To cite RCaucTile in publications, please use

  Moroz, George (2025). RCaucTile: Tile Grid Maps for East Caucasian
  Languages. R package.

A BibTeX entry for LaTeX users is

  @Manual{,
    title = {{RCaucTile}: {T}ile {G}rid {M}aps for {E}ast {C}aucasian {L}anguages},
    author = {George Moroz},
    year = {2025},
  }

3 How to use `RCaucTile`

The main utility of the RCaucTile package for researchers is a template of East Caucasian languages and their corresponding colors, which is taken directly from the Typological Atlas of the Languages of Daghestan. To see the template, you can call the ec_tile_map() function without any arguments:

ec_tile_map()

As you can see, all languages are color-coded according to their language branch: Nakh languages are brown, Andic languages are blue, Lezgic branch is green, and so on. This template sets the default distribution of languages.

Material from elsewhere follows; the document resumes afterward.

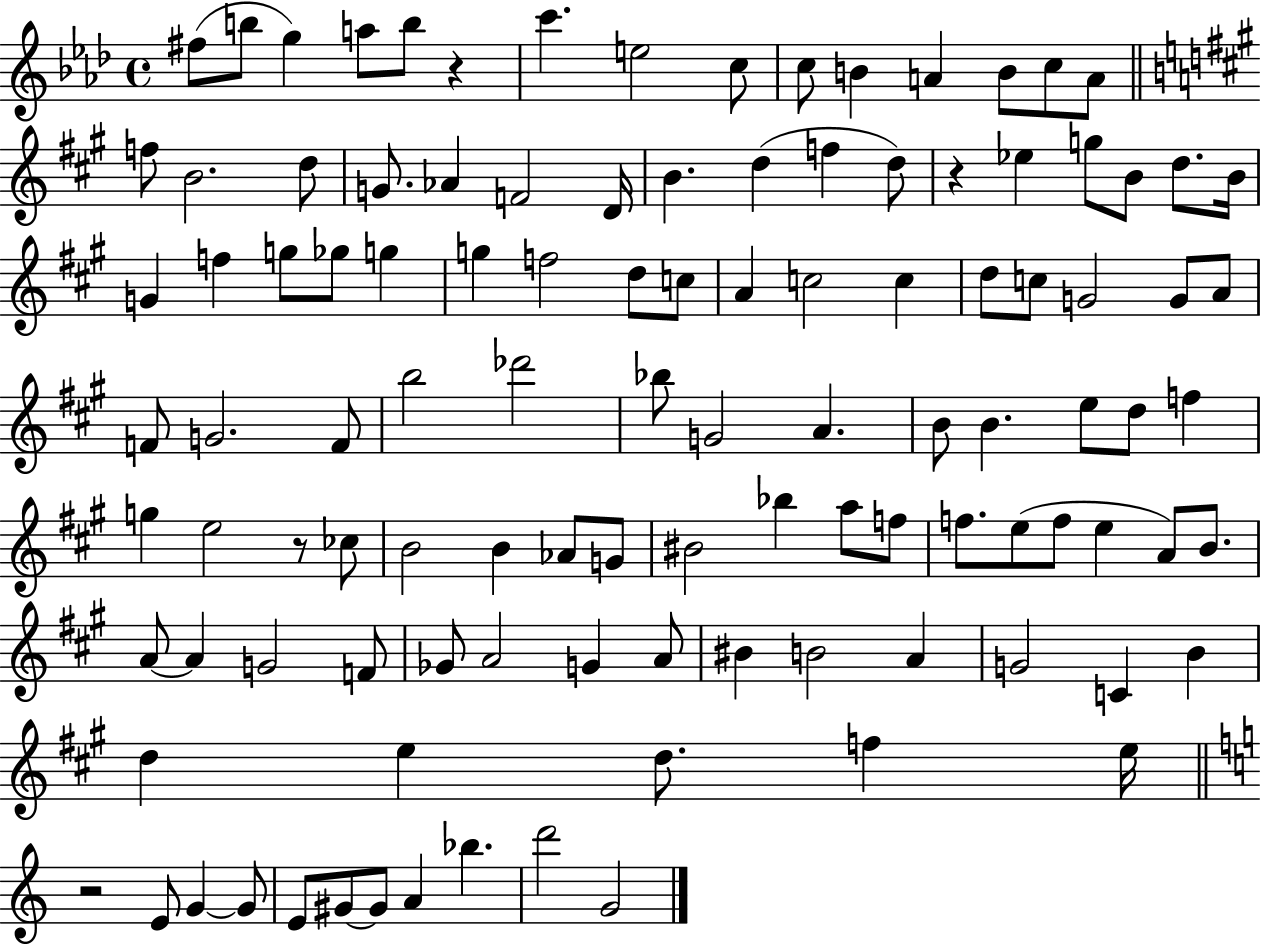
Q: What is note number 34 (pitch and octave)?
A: Gb5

The core of the package is a built-in dataset ec_languages that contains information about 56 languages. Most variables are self-descriptive, except for x and y, which define the location of each language on a grid (you can save it and modify it if you want).

ec_languages

There are also two features from the Typological Atlas of the Languages of Daghestan:

morning_greetings contains values from the “Morning Greetings” chapter (Naccarato, Verhees 2021) from the Typological Atlas of the Languages of Daghestan. The languages of Daghestan can be classified into three groups according to whether they feature morning greetings including questions about the night’s rest (value Did you wake up?), based on the combination of concepts like “morning” and “good” (value Good morning), and both strategies (value Both).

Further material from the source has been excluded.